I´m trying to re-create lesson 8 with a kagle dataset of natural disasters from twitter with NLP

My Dataframe

id	keyword	location	text	                                                                                target
0	1	NaN	       NaN	        Our Deeds are the Reason of this #earthquake M...	1
1	4	NaN	       NaN	        Forest fire near La Ronge Sask. Canada	                1
2	5	NaN	       NaN	        All residents asked to 'shelter in place' are ...	                1
3	6	NaN	       NaN	        13,000 people receive #wildfires evacuation or...	        1
4	7	NaN        NaN	        Just got sent this photo from Ruby #Alaska as ...	        1

I’m only interested in the “text” and “target” columns.

This is my DataBlock

class_lm = DataBlock(
                      blocks=(TextBlock.from_df('text', seq_len=15, is_lm=True), CategoryBlock),
                      get_x=ColReader('text'), get_y=ColReader('target'), splitter=RandomSplitter(0.1))

This is my dataloaders

dls = dls_lm.dataloaders(df2, bs=24)

This is my learner

learn = language_model_learner(

    dls, AWD_LSTM, drop_mult=0.3,

    metrics=[accuracy, Perplexity()]

)

learn.fine_tune(1, 2e-2)

epoch	train_loss	valid_loss	accuracy	perplexity	time
0	3.496560	3.430030	0.419661	30.877579	17:33
epoch	train_loss	valid_loss	accuracy	perplexity	time
0	2.915300	3.042652	0.471342	20.960751	25:20

When I want to make a prediction:
TEXT = “I was afraid that”

N_WORDS = 20

N_SENTENCES = 4

preds = [learn.predict(TEXT, N_WORDS, temperature=0.75) for _ in range(N_SENTENCES)]

I ve got this error:

---------------------------------------------------------------------------

ValueError Traceback (most recent call last)
in ()
2 N_WORDS = 20
3 N_SENTENCES = 4
----> 4 preds = [learn.predict(TEXT, N_WORDS, temperature=0.75) for _ in range(N_SENTENCES)]

1 frames
/usr/local/lib/python3.7/dist-packages/fastai/text/learner.py in predict(self, text, n_words, no_unk, temperature, min_p, no_bar, decoder, only_last_word)
157 self.model.reset()
158 idxs = idxs_all = self.dls.test_dl([text]).items[0].to(self.dls.device)
→ 159 if no_unk: unk_idx = self.dls.vocab.index(UNK)
160 for _ in (range(n_words) if no_bar else progress_bar(range(n_words), leave=False)):
161 with self.no_bar(): preds,_ = self.get_preds(dl=[(idxs[None],)])

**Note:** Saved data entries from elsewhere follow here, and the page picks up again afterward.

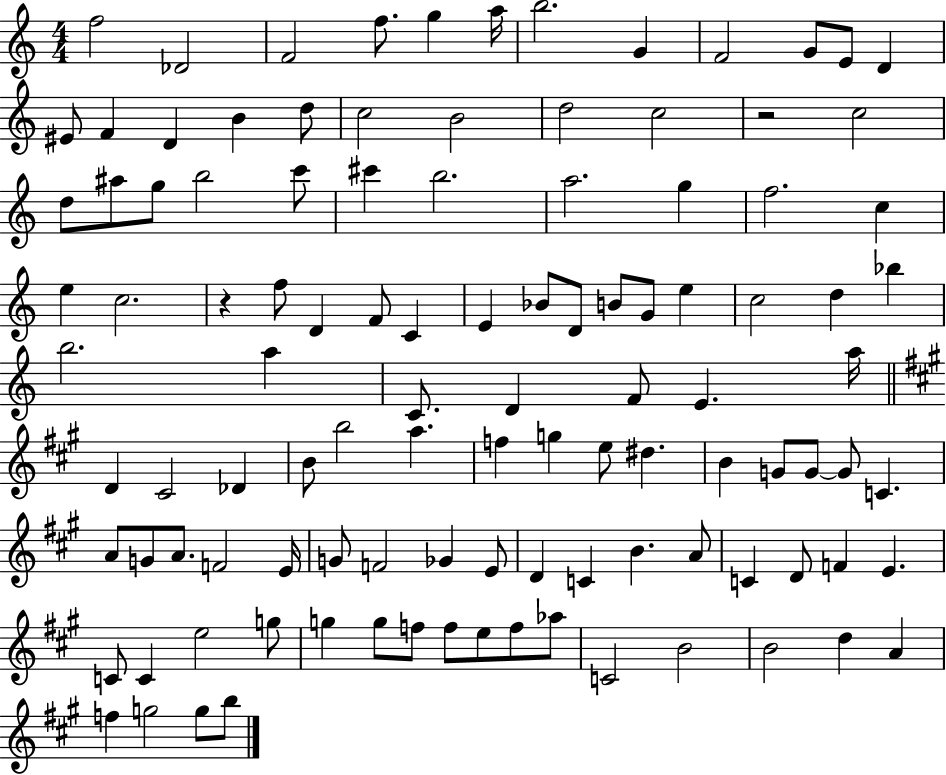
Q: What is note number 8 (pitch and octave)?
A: G4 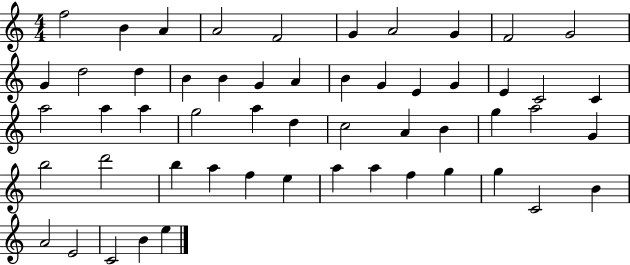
X:1
T:Untitled
M:4/4
L:1/4
K:C
f2 B A A2 F2 G A2 G F2 G2 G d2 d B B G A B G E G E C2 C a2 a a g2 a d c2 A B g a2 G b2 d'2 b a f e a a f g g C2 B A2 E2 C2 B e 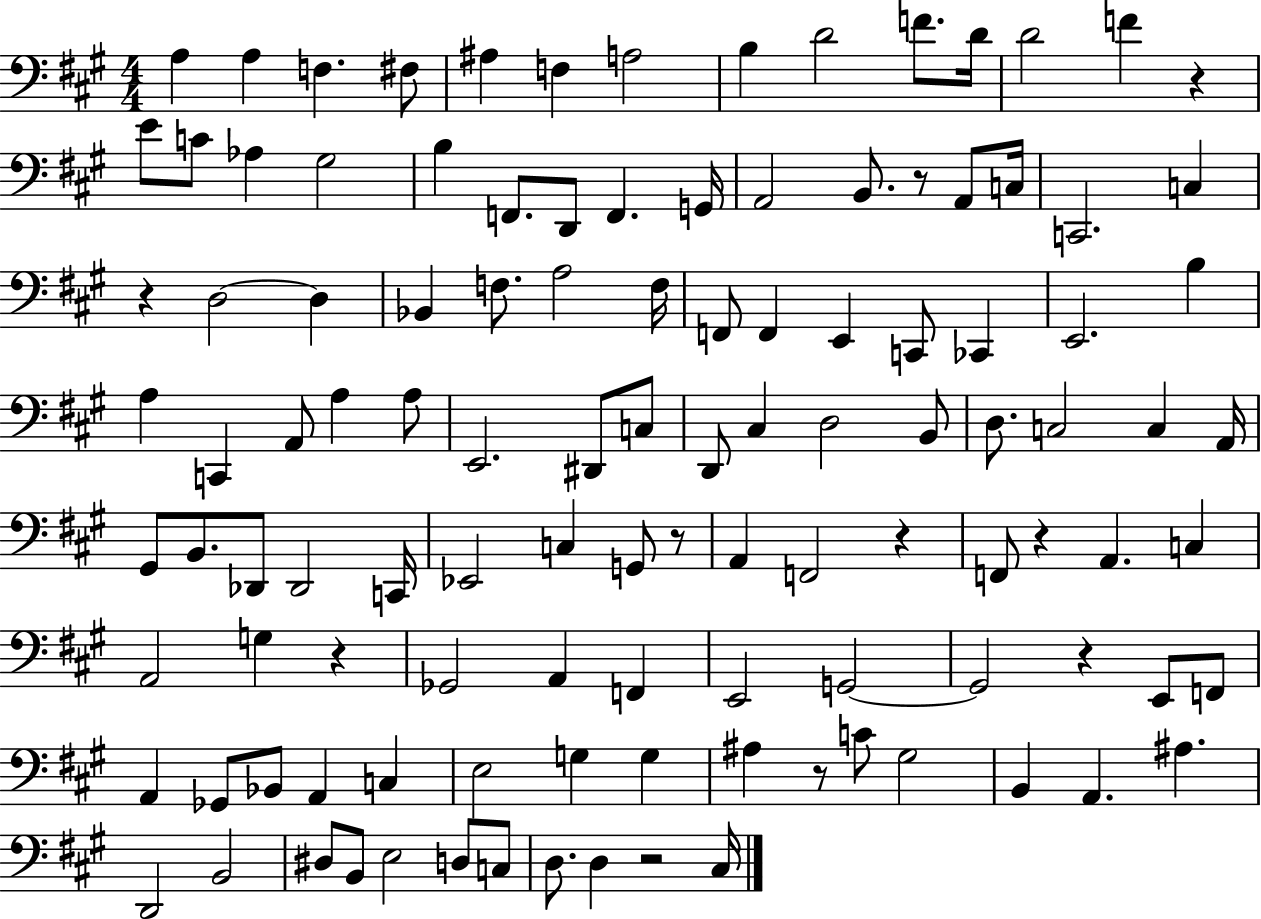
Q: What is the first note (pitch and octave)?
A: A3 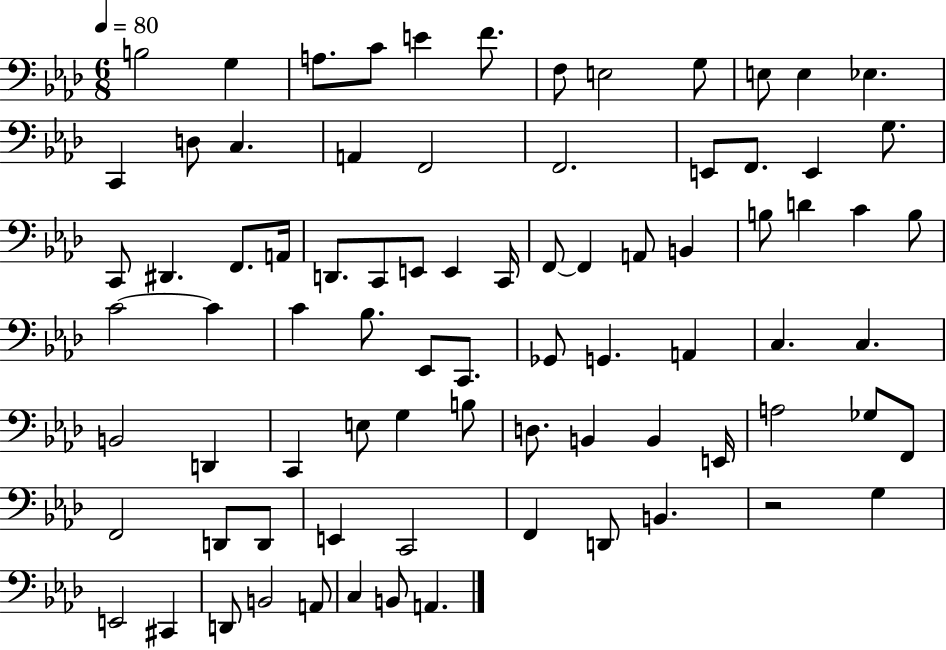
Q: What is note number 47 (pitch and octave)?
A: G2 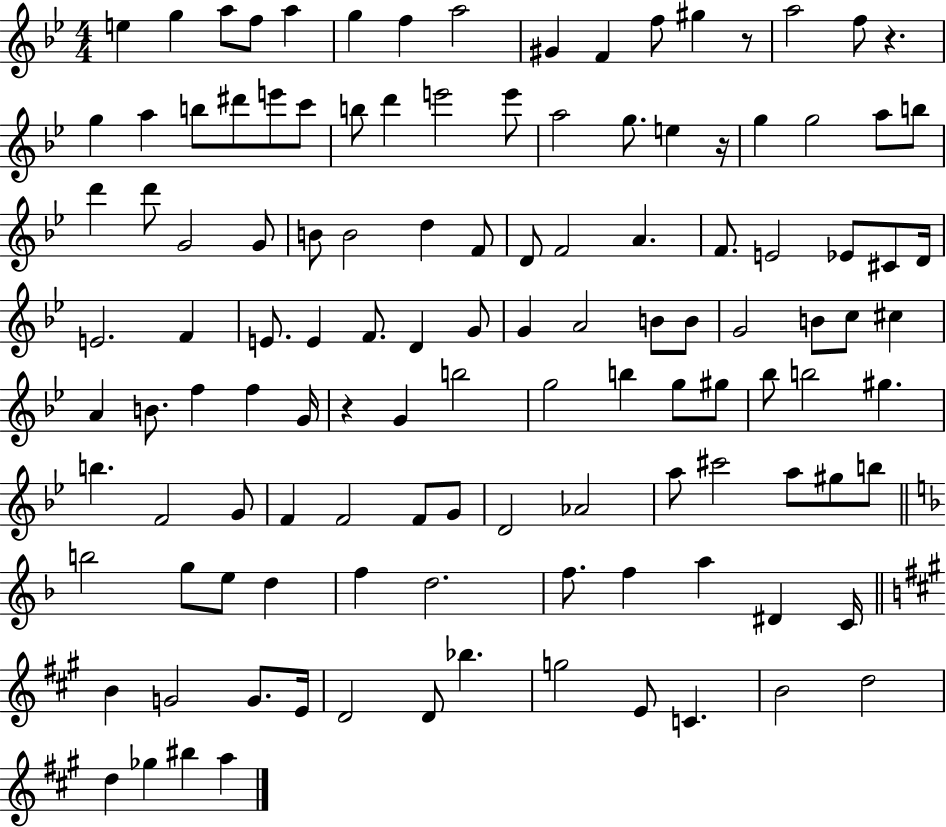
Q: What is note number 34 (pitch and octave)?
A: G4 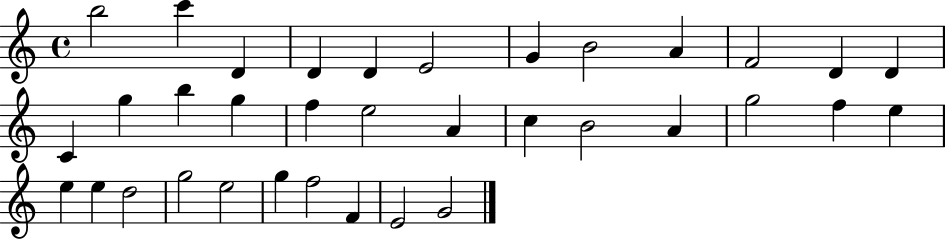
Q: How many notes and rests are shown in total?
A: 35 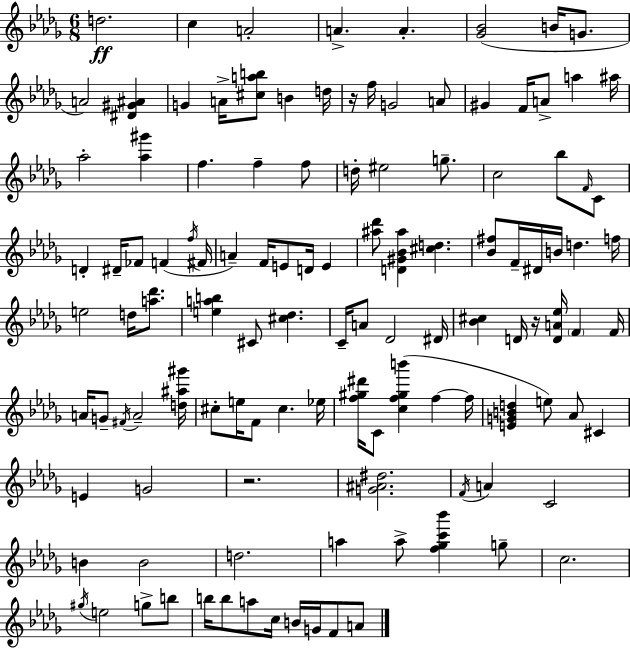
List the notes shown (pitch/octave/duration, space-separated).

ValueError: ‘xxunk’ is not in list

When creating dataloaders for language modeling you don’t need to include CategoryBlock and get_y into your datablocks definition, something like this:

dblock_lm = DataBlock(blocks=[TextBlock.from_df('text', seq_len=15, is_lm=True)],
                      get_x=ColReader('text'), splitter=RandomSplitter(0.1))
dls = dblock_lm.dataloaders(...)

or alternatively you can use TextDataLoaders.from_df see 3rd example here Text data | fastai

1 Like

Thank you, makes total sense of not including the target and the get_y parameter.

How would you decide on which number to use for seq_len and bs when creating a Language model and then use it for classification?

These depend on the hardware you using, you got to choose seq_len and bs such that it fits into memory and computation time is ok. Increasing seq_len will increase both memory consumption and computation time as it is also a bptt (see chapter 12 of the book for details). fastai default for seq_len is 72 and I guess that’s something that usually works well in practice, so you got to adjust your bs accordingly to fit into memory.
Higher values for seq_len might improve quality of your LM (SHA-RNN was trained with bptt=1024). On the other hand If your data naturally consists of short texts (like twitter data) you can try to decrease seq_len for speed-up and arguably this shouldn’t degrade your LM performance as backpropagating gradients trough the unrelated tweets doesn’t make much sense and model should learn to stop the information flow between those anyway.
So those are my thoughts on it. MB other folks can add to that? :wink:

1 Like

Thank you! I will check out chapter 12 for more info about this subject.